• **REQUIRED WORK**: Go through the listing below and output exactly the line with "223 Jackson Street S Brockton ON N0G 2V0", the line with "Spectacular 4-bedroom Close", and each line between; omit the rest.

• **DATASET EXCERPTS**:
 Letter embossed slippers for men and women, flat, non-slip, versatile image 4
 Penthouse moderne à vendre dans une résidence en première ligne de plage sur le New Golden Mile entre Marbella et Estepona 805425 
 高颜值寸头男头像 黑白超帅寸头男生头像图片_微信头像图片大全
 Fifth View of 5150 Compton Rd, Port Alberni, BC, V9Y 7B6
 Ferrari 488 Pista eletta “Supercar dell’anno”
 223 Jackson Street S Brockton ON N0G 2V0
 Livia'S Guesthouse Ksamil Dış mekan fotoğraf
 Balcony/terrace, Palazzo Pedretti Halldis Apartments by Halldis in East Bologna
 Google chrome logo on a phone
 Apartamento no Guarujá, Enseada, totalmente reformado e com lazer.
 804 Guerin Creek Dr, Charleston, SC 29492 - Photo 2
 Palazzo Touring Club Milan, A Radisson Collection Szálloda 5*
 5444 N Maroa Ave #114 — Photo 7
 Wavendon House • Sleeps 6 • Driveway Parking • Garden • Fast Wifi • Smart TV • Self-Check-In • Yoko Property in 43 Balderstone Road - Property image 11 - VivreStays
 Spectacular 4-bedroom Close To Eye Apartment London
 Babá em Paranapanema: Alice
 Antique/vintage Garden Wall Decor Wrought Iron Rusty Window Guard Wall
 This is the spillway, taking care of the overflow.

• **RESULT FOR THIS TASK**:
 223 Jackson Street S Brockton ON N0G 2V0
 Livia'S Guesthouse Ksamil Dış mekan fotoğraf
 Balcony/terrace, Palazzo Pedretti Halldis Apartments by Halldis in East Bologna
 Google chrome logo on a phone
 Apartamento no Guarujá, Enseada, totalmente reformado e com lazer.
 804 Guerin Creek Dr, Charleston, SC 29492 - Photo 2
 Palazzo Touring Club Milan, A Radisson Collection Szálloda 5*
 5444 N Maroa Ave #114 — Photo 7
 Wavendon House • Sleeps 6 • Driveway Parking • Garden • Fast Wifi • Smart TV • Self-Check-In • Yoko Property in 43 Balderstone Road - Property image 11 - VivreStays
 Spectacular 4-bedroom Close To Eye Apartment London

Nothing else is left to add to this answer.